Balancing humor with serious argument about First Amendment rights, the brief reads like one of the digital publication’s own stories, such as 1997’s “Supreme Court Rules Supreme Court Rules” about an 8-1 decision stating that the Court does, indeed, rule.

That story, particularly relevant in this case, is just one of many from The Onion cited in the 16-page brief, whose authors include Andrew Portinga, ’96. A member of the Grand Rapids, Michigan, firm Miller Johnson, he shared insights into the development of the brief during a November 17, 2022, talk at the Law School. 

Is satire protected speech?

At issue was whether a satirical Facebook page that Anthony Novak posted about the Parma, Ohio, police department was protected speech. When people called police to ask whether the page was real, the police seized Novak’s computer equipment, arrested him, and charged him with using a computer to interfere with police business. 

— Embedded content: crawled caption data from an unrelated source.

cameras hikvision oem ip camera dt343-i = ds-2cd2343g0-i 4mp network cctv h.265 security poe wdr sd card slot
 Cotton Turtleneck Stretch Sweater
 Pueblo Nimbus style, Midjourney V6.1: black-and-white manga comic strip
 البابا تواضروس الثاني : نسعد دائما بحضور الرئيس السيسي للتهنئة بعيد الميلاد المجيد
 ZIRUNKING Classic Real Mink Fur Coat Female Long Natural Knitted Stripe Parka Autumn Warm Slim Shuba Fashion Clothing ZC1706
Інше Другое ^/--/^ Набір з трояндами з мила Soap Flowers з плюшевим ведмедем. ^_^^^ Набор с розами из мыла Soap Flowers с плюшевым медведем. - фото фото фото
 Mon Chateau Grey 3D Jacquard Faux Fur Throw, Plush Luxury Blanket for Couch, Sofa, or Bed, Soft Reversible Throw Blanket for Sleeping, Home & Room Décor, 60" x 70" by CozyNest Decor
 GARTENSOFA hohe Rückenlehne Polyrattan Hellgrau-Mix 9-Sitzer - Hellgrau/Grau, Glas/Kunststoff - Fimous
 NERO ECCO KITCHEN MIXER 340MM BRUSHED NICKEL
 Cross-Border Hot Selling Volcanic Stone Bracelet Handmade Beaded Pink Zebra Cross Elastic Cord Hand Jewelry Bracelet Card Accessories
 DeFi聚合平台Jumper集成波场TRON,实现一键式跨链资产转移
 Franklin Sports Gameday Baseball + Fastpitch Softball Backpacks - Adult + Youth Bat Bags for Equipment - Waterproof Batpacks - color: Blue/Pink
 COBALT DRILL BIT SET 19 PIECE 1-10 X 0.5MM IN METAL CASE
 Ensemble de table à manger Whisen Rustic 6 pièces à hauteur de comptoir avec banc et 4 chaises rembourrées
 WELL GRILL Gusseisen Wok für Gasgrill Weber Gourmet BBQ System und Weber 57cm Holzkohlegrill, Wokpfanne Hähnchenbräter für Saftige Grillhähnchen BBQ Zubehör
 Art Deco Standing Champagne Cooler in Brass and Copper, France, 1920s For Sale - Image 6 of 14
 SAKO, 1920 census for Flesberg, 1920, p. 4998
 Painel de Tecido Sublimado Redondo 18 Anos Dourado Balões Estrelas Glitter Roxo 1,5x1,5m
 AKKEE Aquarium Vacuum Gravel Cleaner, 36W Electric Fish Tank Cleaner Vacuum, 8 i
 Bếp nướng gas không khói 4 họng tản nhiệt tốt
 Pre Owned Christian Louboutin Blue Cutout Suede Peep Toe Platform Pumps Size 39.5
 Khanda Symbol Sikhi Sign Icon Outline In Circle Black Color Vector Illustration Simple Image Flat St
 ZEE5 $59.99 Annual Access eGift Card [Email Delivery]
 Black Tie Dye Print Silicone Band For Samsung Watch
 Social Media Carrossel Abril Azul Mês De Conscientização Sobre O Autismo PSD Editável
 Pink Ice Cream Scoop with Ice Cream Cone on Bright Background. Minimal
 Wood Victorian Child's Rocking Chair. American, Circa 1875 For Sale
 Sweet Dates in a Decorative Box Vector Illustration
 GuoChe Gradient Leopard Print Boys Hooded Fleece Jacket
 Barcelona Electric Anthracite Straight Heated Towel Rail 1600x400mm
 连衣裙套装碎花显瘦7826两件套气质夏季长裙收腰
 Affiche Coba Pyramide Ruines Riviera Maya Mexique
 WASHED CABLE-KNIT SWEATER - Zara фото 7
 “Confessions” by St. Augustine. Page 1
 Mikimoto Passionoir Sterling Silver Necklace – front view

A jury acquitted Novak, who then filed a civil rights lawsuit. After discovery, the district court granted summary judgment to the defendants, and the US Court of Appeals for the Sixth Circuit affirmed, ruling that the police were entitled to qualified immunity. In September, Novak filed a petition for certiorari with the US Supreme Court.

Soon, the staff at The Onion decided to file the amicus brief—in its inimitable style.

“Indeed, ‘Ohio Police Officers Arrest, Prosecute Man Who Made Fun of Them on Facebook’ might sound like a headline ripped from the front pages of The Onion,” the brief reads. “So, when The Onion learned about the Sixth Circuit’s ruling in this case, it became justifiably concerned.”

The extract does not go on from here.